This Is Not an Illustration of the Advantages of or the Need for a Well-Armed Citizenry

In several instances in the recent past, mentally disturbed individuals in China have gone of rampages that have left more than one person dead and a larger number wounded. In all of these instances, these individuals have been armed not with guns but with knives–or, in one instance, an ax–and the toll in human lives and misery has been much lower than it has been in the United States in similar instances. Here, the firepower of semi-automatic pistols and rifles has insured that deranged individuals with easy access to such weapons can in a matter of moments cause carnage on a scale not otherwise seen outside of war zones.

I had saved those news items from China and intended to do a post on how they illustrate the absurdity of our current gun laws—the absurdity of our political paralysis against a gun lobby that will connect any effort to place reasonable restrictions on who can buy a gun and when with dark fantasies of a federal conspiracy to seize all privately owned firearms in the country.

But then came the news of a much more horrific story from China: as many as ten masked killers ran through a crowded train station in Yunan Province, wielding long knives indiscriminately against those in the crowd. When the attack was over, more than two dozen people lay dead, and more than 100 had been wounded.

And almost immediately I thought of how the gun lobby would use this incident. I could hear the arguments, their triteness inversely proportionate to the loudness with which they would be expressed: it’s not guns that kill people—for these killers didn’t even have guns and look at the mayhem that they inflicted; and if people in China were free enough to own and carry guns, some of those in the crowd could have defended themselves and others against the killers.

It wouldn’t matter, of course, that such arguments would ignore several fairly obvious facts.

First, during this rampage, it took ten killers to kill less than three dozen people. All one has to do is consider the death tolls at Aurora or Sandy Hook, where individuals in mere moments murdered dozens of people, to recognize immediately the multiplying effect of semi-automatic weapons.

Second, in the chaos of a sudden, mass attack such as this, the chances that a citizen with a gun would be able to stop even one of the perpetrators with a bullet without also shooting bystanders seems very minimal. Indeed, since the perpetrators weren’t armed with guns, it seems likely that any attempt by citizens armed with guns to stop the attack would have significantly increased the toll of dead and wounded.
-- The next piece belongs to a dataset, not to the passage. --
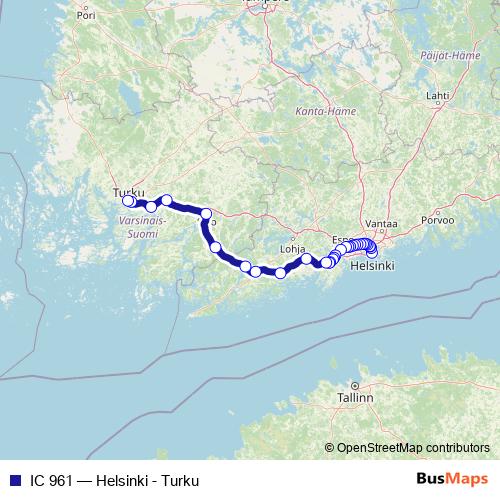 IC 961 rail Line Map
Lastly, there is a significant difference between an act of terror and a mass murder committed by a mentally deranged person in terms of how we can anticipate and mitigate such attacks. We depend on law enforcement to identify and thwart terrorist acts in the planning stages, before they can be perpetrated. But there aren’t laws that we can pass to make it more difficult for terrorists to acquire any of the many means available to inflict mass casualties. For instance, Timothy McVeigh’s truck bomb consisted largely of common fertilizer. But we know what kind of weapons are the weapons of choice for the deranged loners who commit mass murders. Moreover, we now have more than a large enough sample size of such murderers to be able to identify circumstances under which an individual should have much more difficulty purchasing a firearm, especially a semi-automatic firearm.